### EXTRACTED MATERIAL ###
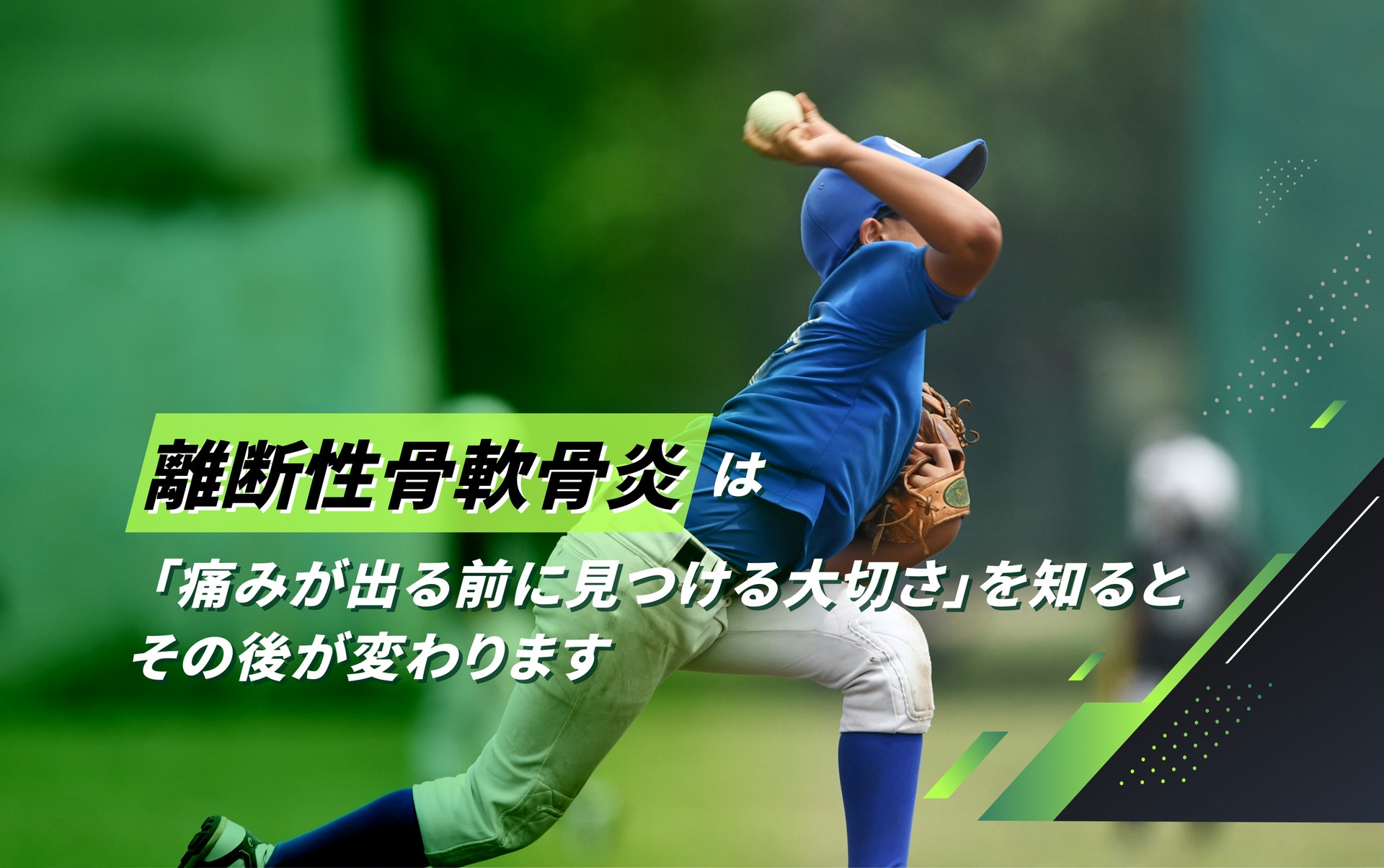 離断性骨軟骨炎（OCD）
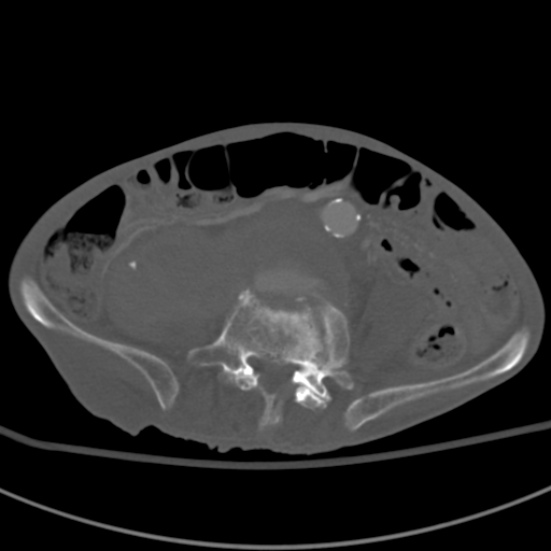 Aortic aneurysm with spinal destruction (Radiopaedia 42301-45410 Axial bone window 68).jpg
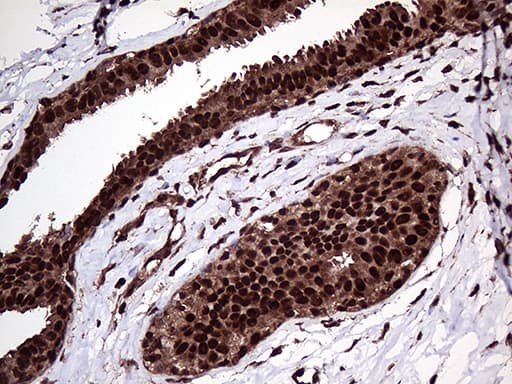 Monoclonal Mouse anti-Human PPP4C Antibody (clone OTI2H7, Carrier-free, IHC, WB)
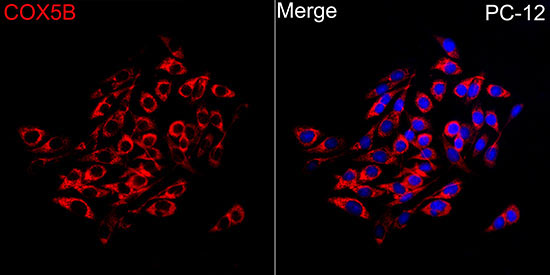 COX5B Rabbit Polyclonal Antibody - Image 6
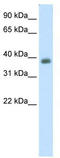 Neuronal Differentiation 2 antibody, TA343583, Origene, Western Blot image 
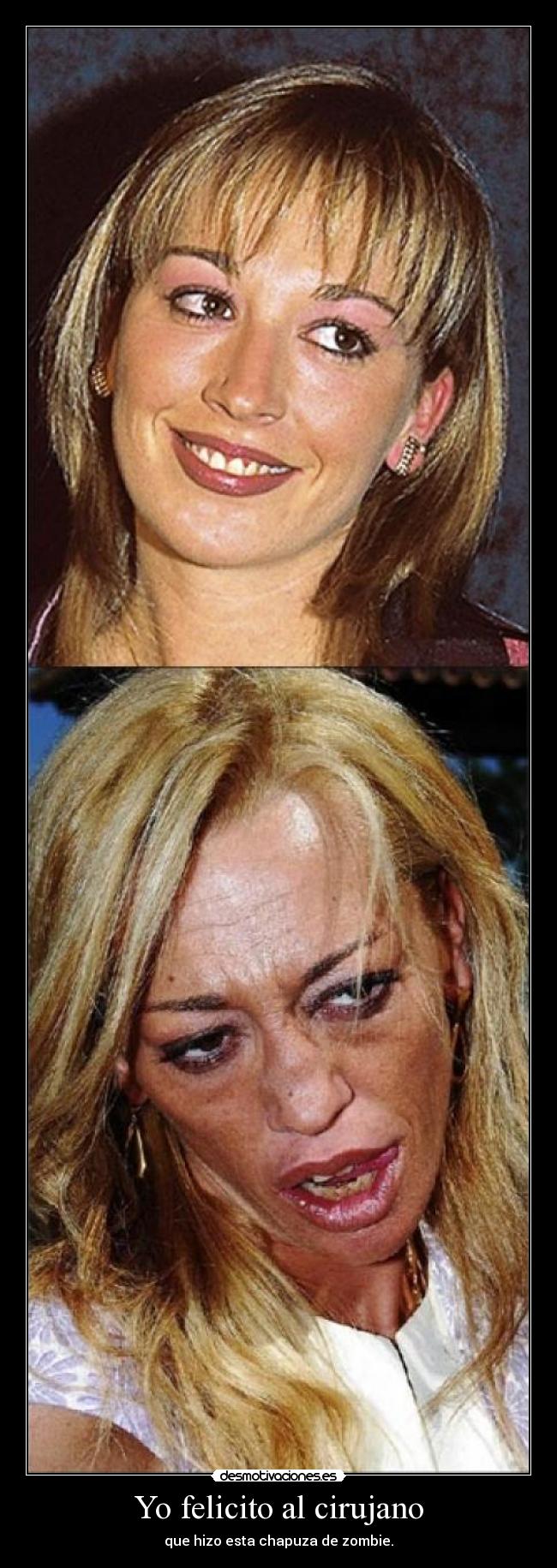 Yo felicito al cirujano - que hizo esta chapuza de zombie.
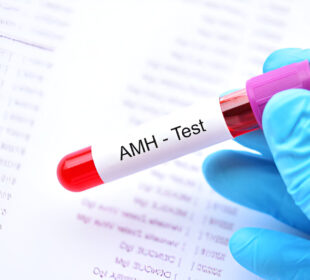 Sužinokite, ką reiškia AMH (anti-mullerian hormone) tyrimas, kaip jis atliekamas ir ką gali rodyti jūsų AMH lygiai apie reprodukcinę sveikatą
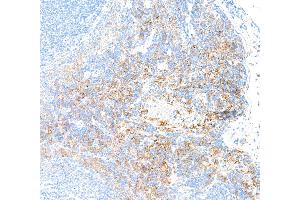 Immunohistochemistry (IHC) image for anti-Egf-Like Module Containing, Mucin-Like, Hormone Receptor-Like 1 (EMR1) (AA 28-225) antibody (ABIN7455124)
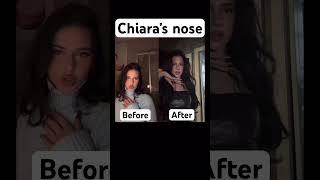 Chiara before and after nose surgery#surgery #chiara #lunatix #crewnique #zahide #germany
###
▶ **WHAT THE EXERCISE ASKS**: Each record should be printed again precisely, though not its pictures.

▶ **RESPONSE AREA**:
 離断性骨軟骨炎（OCD）
 Aortic aneurysm with spinal destruction (Radiopaedia 42301-45410 Axial bone window 68).jpg
 Monoclonal Mouse anti-Human PPP4C Antibody (clone OTI2H7, Carrier-free, IHC, WB)
 COX5B Rabbit Polyclonal Antibody - Image 6
 Neuronal Differentiation 2 antibody, TA343583, Origene, Western Blot image 
 Yo felicito al cirujano - que hizo esta chapuza de zombie.
 Sužinokite, ką reiškia AMH (anti-mullerian hormone) tyrimas, kaip jis atliekamas ir ką gali rodyti jūsų AMH lygiai apie reprodukcinę sveikatą
 Immunohistochemistry (IHC) image for anti-Egf-Like Module Containing, Mucin-Like, Hormone Receptor-Like 1 (EMR1) (AA 28-225) antibody (ABIN7455124)
 Chiara before and after nose surgery#surgery #chiara #lunatix #crewnique #zahide #germany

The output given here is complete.